(AVAILABLE RECORDS Opens)

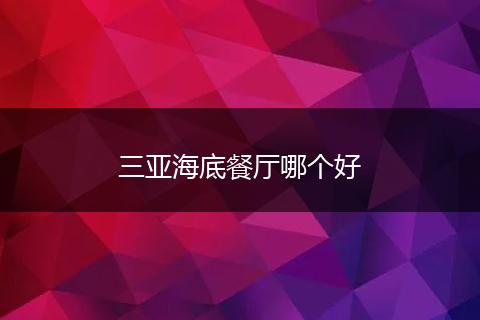 三亚海底餐厅哪个好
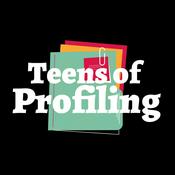 Podcast Teens of Profiling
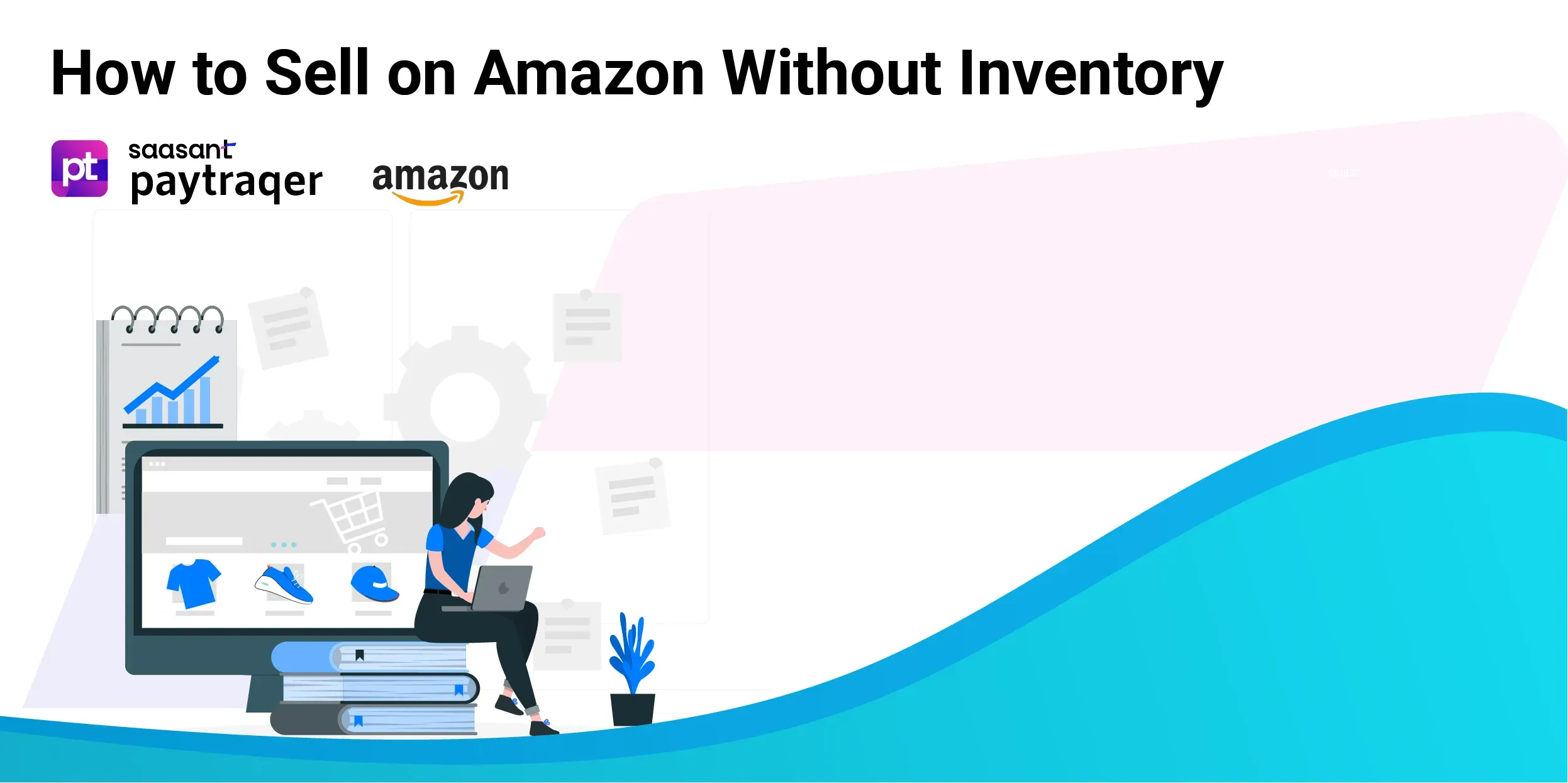 How to Sell on Amazon Without Inventory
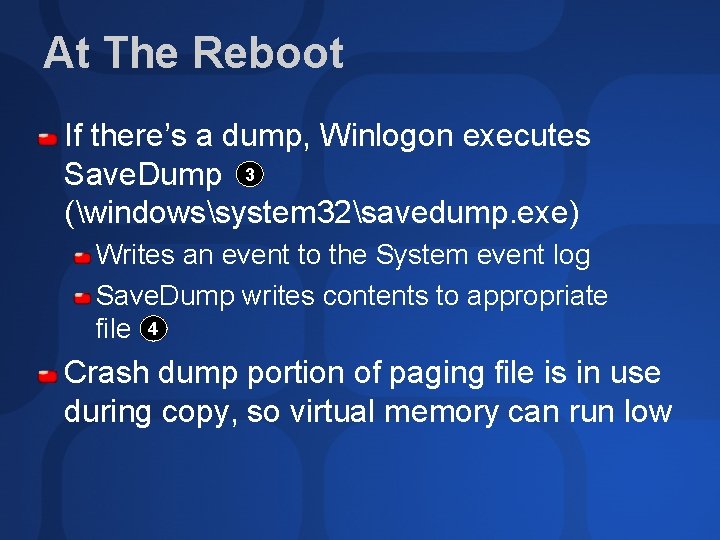 At The Reboot If there’s a dump, Winlogon executes Save. Dump 3 (windowssystem 32savedump.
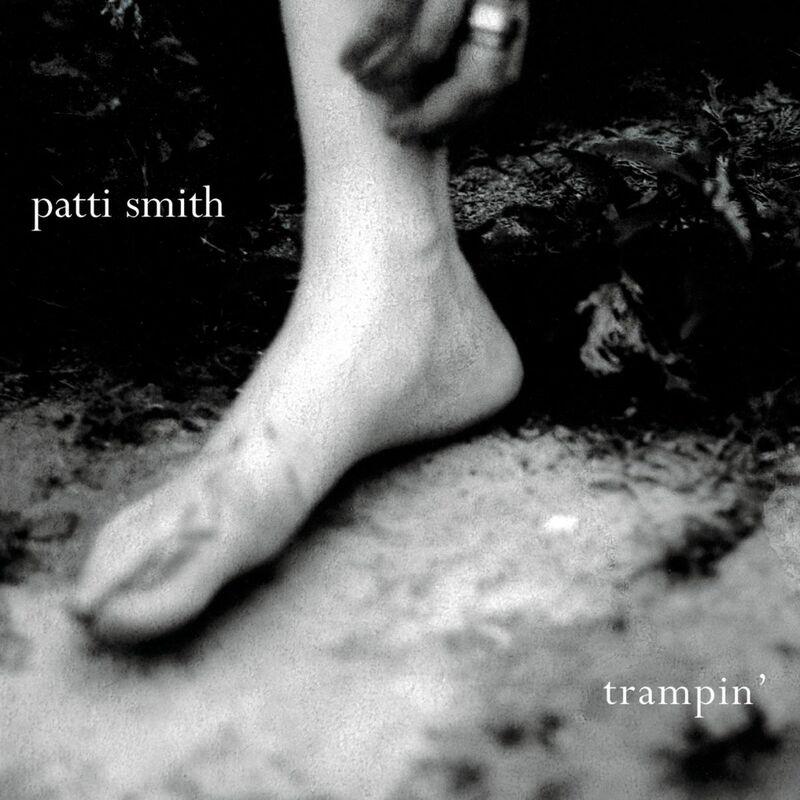 Four From Trampin' - Patti Smith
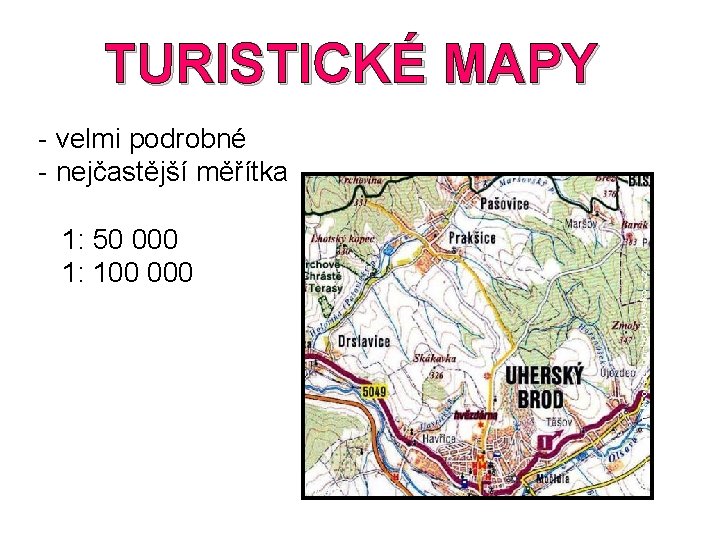 TURISTICKÉ MAPY - velmi podrobné - nejčastější měřítka 1: 50 000 1: 100 000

(AVAILABLE RECORDS Closes)

■ **WHAT YOU SHOULD DO**
Line for line, output the entries above from the line with "Podcast Teens of Profiling" to the line with "Four From Trampin' - Patti Smith", both included, and nothing more. Skip pictures.

■ **SOLUTION FOR THIS EXERCISE**
 Podcast Teens of Profiling
 How to Sell on Amazon Without Inventory
 At The Reboot If there’s a dump, Winlogon executes Save. Dump 3 (windowssystem 32savedump.
 Four From Trampin' - Patti Smith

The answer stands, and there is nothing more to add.